> the basics of how a computer works

This is a huge topic that’s not going to be answered in a single Reddit post.

I highly recommend [Ben Eater’s YouTube series](https://www.youtube.com/playlist?list=PLowKtXNTBypGqImE405J2565dvjafglHU), a bunch of videos where he builds a CPU from scratch. If you’re looking for a book, I’d recommend “But How Do It Know?” for something more ELI5-level, or if you’re into hands-on programming, [nand2tetris](https://www.nand2tetris.org/).

> What happens physically when the user interacts with the computer, when a button is pressed on the keyboard for example?

You have a computer (CPU) and a button, and when you press the button, the CPU “knows” that the button was pressed, and the program it’s running does something with that information.

What exactly happens depends on what kind of CPU, what kind of button, and how the system designer’s chosen to connect the button to the CPU.

The simplest possible setup is to have a button connected to one of the CPU pins. (Any chip will always have its delicate silicon parts factory-sealed inside a protective plastic case. By “CPU pins” I mean a bunch of literal pieces of metal sticking out of the case, for example [like this](https://en.wikipedia.org/wiki/File:Intel_80486DX2_bottom.jpg).)

The pins all look the same from the outside, but inside they’re connected to different parts of the CPU’s internal silicon circuits. If you read the manual published by the CPU manufacturer, you’ll find it needs to be powered by connecting two specific pins to a DC power supply, and some other pins can be (or in some cases, must be) connected to particular devices. But many of the remaining pins are “GPIO pins.” A GPIO pin is connected by default to a voltage sensing circuit. It’s a “digital” or “logic” sensing circuit, meaning it’s very simple and registers “off” for low voltages (0-2 V) or “on” for high voltages (like 3-5 V).

So the simplest possible setup is to have a button wired to the pin in such a way that it connects to the + terminal of the power supply when pressed, or the – terminal of the power supply when released. The CPU’s voltage sensing circuit then “knows” whenever the button’s pressed. When you’re writing the program running on the CPU, the GPIO pin usually appears as a “place in memory” that “changes on its own”. Meaning your program can check that place in memory, and do something when it changes.

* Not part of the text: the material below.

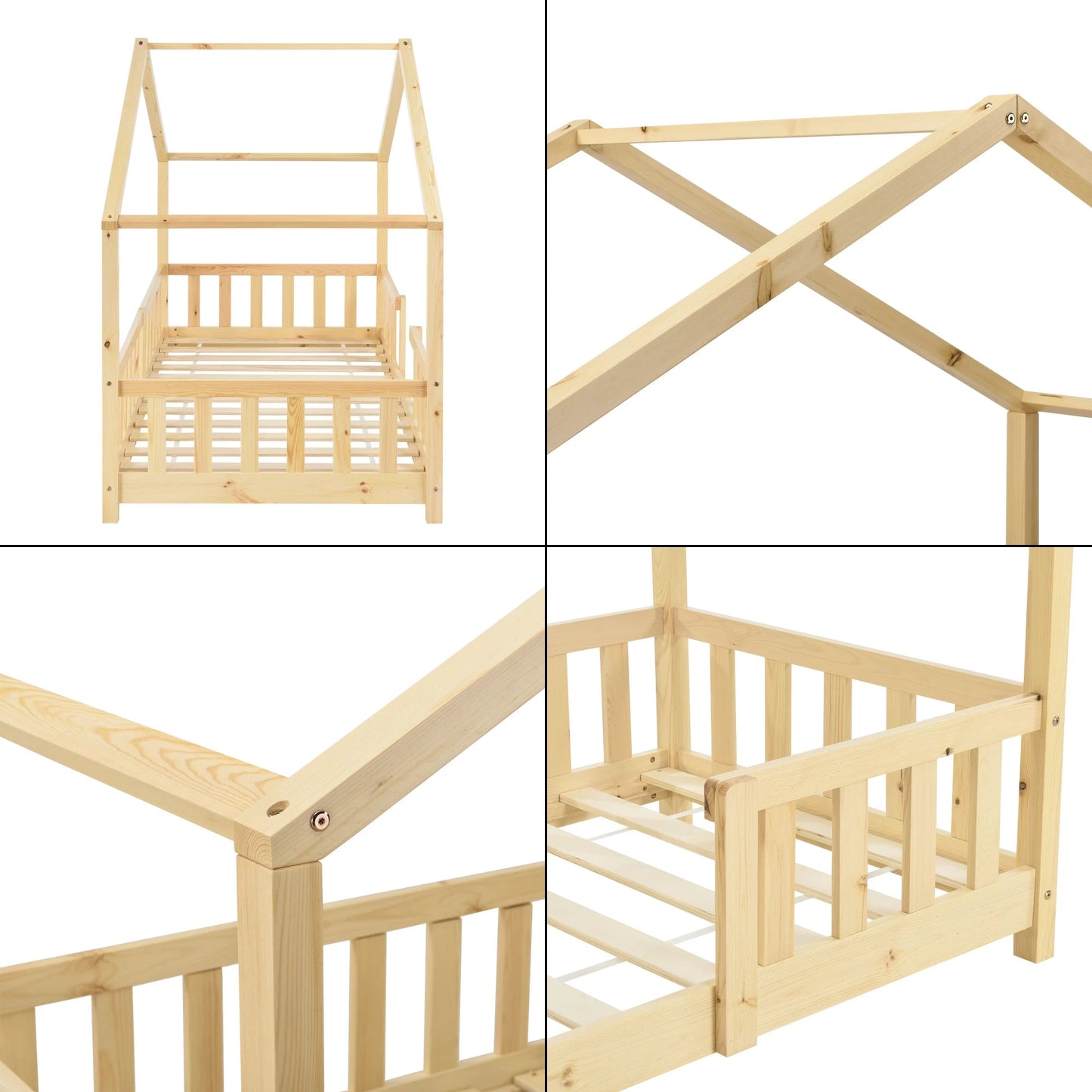 In And OutdoorMatch Kinderbed Torrance - Met Valbeveiliging - 90x200 cm - Hout - Voor meisjes - Voor jongens - Voor kinderen Kinder bedden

There are a couple improvements that are typically done. First problem is the button is *incredibly slow* compared to the computer. It takes like 0.02 seconds for the button’s spring mechanism to move the contact from the – terminal to the + terminal. In that 0.02 second period the pin’s not connected to anything, and it can make the CPU’s internal voltage sensing circuit do some weird stuff.

The way to fix this is to re-wire the pin so it’s *always* connected to the + terminal — but not directly, you put a resistor with 10,000 ohms of resistance in the way. You then re-wire the button so that, when pressed, it connects the pin *directly* to the – terminal *in addition* to its existing connection to the + terminal. Since it’s a direct connection (copper wire has only like 0.2 ohms of resistance), the – terminal will “win” whenever the button’s pressed and the voltage sense circuit will read “off”.

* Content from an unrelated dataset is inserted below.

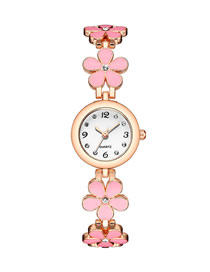 Fashion Pink Diamond Stainless Steel Quartz Bracelet Watch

This “pull up resistor” is so commonly needed that CPU designers usually put an internal resistor that your program can request it to connect. This means you don’t actually need to add the extra resistor to your circuit, if you just write your software to tell the CPU to use the internal one.

The next thing that needs fixed is your program is repeatedly asking “Is the button pressed?” (0.01 seconds later) “Is the button pressed?” (0.02 seconds later) “What about that button?” (0.03 seconds later) “Is it pressed *now*?”

It would be a lot more efficient and less annoying to program if you could just have your program tell the CPU once at the beginning while it’s setting up, “Hey, if the voltage sense circuit for pin #17 ever changes, please stop what I’m currently doing and run this subroutine instead.” And the CPU usually includes an “interrupt” mechanism that lets you set up exactly that kind of arrangement.

Now if you’re asking about how a PC keyboard works, well, it’s different and more complicated. A standard US PC keyboard has 104 keys. You can’t connect them all to individual pins: A CPU typically *doesn’t have* that many GPIO pins, and even if it did, to connect them all you’d need an impractically huge cable and a lot of complicated circuit board paths on the motherboard. So typically there’s a simple chip inside the keyboard that converts key-presses to coded pulses, that way you just need maybe 4 or 5 wires for power and signals, and only 2 or 3 of those wires need to be connected to CPU pins [1]. If you’re interested in the details [Ben Eater has a video about that](https://www.youtube.com/watch?v=7aXbh9VUB3U). (Actually several videos.)

[1] While my post and Ben Eater’s video are written as if the keyboard’s directly connected to CPU pins, I think in actual PC’s, keyboard pins for a PS/2 keyboard are probably not directly connected to the CPU. I’d assume they’d be connected to some separate chip on the motherboard that decodes the keypresses and sends them into the bus or something but I’m not 100% sure about that.